The internet provides many wonderful benefits, but DIY intellectual property sites may not be all they’re cracked up to be. The same can be said about various IP tasks that some may consider to be relatively simple and straight forward, such as filing trademark and copyright applications. The U.S. trademark and copyright offices have gone to great effort to make electronic filing accessible to the public. In addition, a variety of sites exist that will help guide you, via fill-in-the-blank forms, to prepare and file a trademark or copyright application for a nominal fee. In some cases, for an additional fee, someone, somewhere, will even review the application and suggest changes before filing the application for you. However, the fees such sites charge are typically not that much less than what an experienced trademark attorney located in your very own community (and with whom you can directly consult) would charge for performing the same scope of work.
Such DIY sites seem inviting, but they pose the risk of lulling users into a false sense of security. It is important to bear in mind that behind any on-line form exists a complete body of law (including case law, statutes, regulations, rules of practice, etc.) that can significantly impact the rights you may ultimately obtain. Even the most basic on-line trademark and copyright forms provide numerous options and decisions that must be navigated to complete and file an application. At a minimum, this requires you to invest the time and effort to learn the interface. Beyond that, it can also be risky to go-it-alone unless you have at least a basic understanding of the underlying substantive law. While these on-line sites also commonly provide links to a wealth of reference material in that regard, how much time are you realistically willing to take to educate yourself on the substantive law in order to know the significance of selecting one option over another — or the significance of the information you enter into the form? If your attempts prove unsuccessful, at the very least you risk the time and money you invest in your ill-fated attempt. In addition, you may also risk losing or impairing rights to which you might otherwise have been entitled. More serious and risky still, if you embark on a path that poses a potential risk of infringing another entity’s trademark rights, this could potentially expose you to damages for trademark infringement, attorney’s fees and/or disruption to your business if you were forced to change over to a new trademark.

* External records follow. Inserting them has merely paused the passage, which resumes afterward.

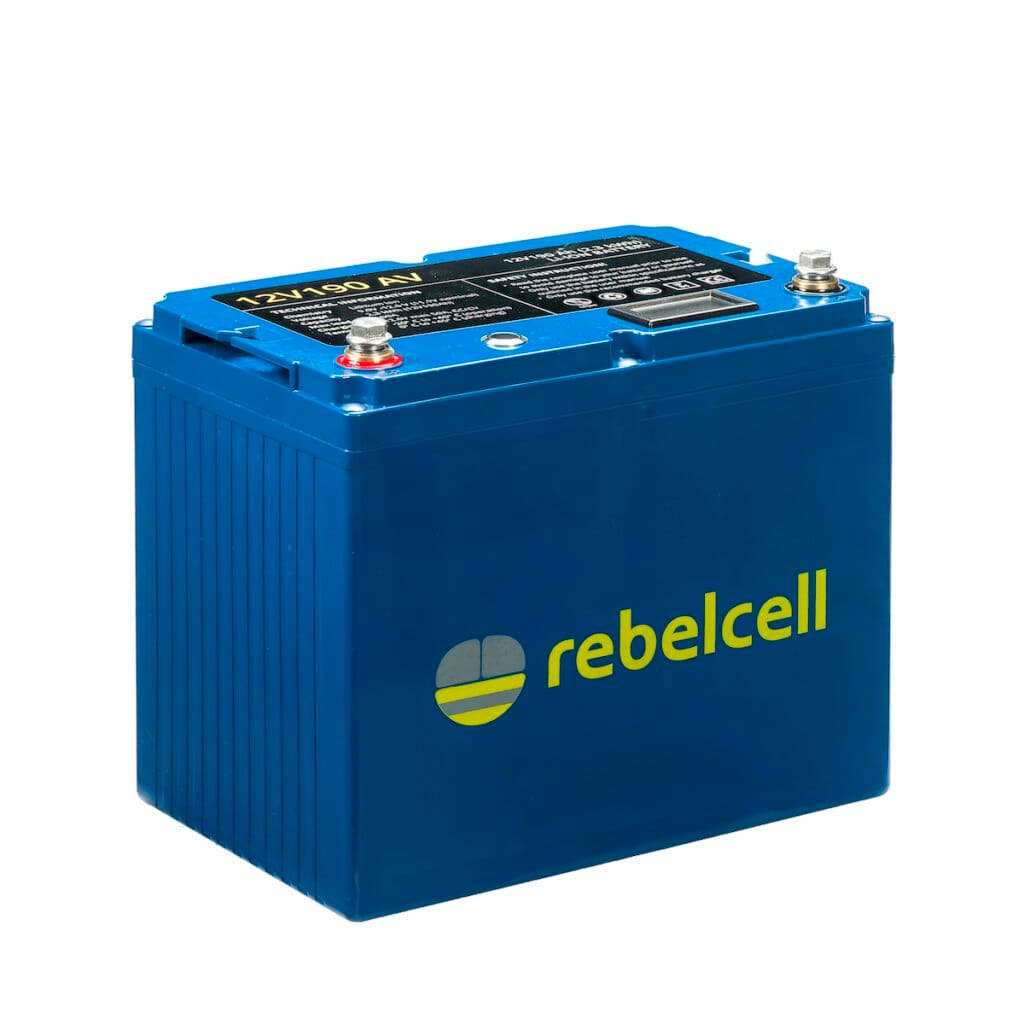 12V190 AV Lithium Battery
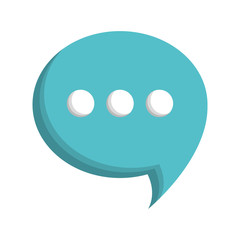 chat bubble icon image vector illustration design 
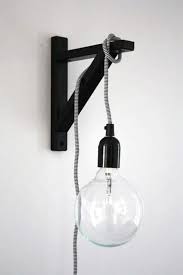 Regalhalterung Und Lampenkit Mit Edison Gluhlampe Fur Beide Seiten Des Bettes Beide Bettes Edison Gluhlampe Lam Home Decor Hacks Bracket Lights Diy Lamp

What you really need to consider is this — sure you may be able to save a few bucks by populating the fields of a generic form yourself, but is it really a good value if that application gets rejected for reasons that an experienced IP attorney may have easily helped you avoid in the first place or, more seriously, if you actually lose rights or expose yourself or your business to additional risks in the process? If you are serious about protecting your valuable intellectual property, don’t risk it alone – hire an expert.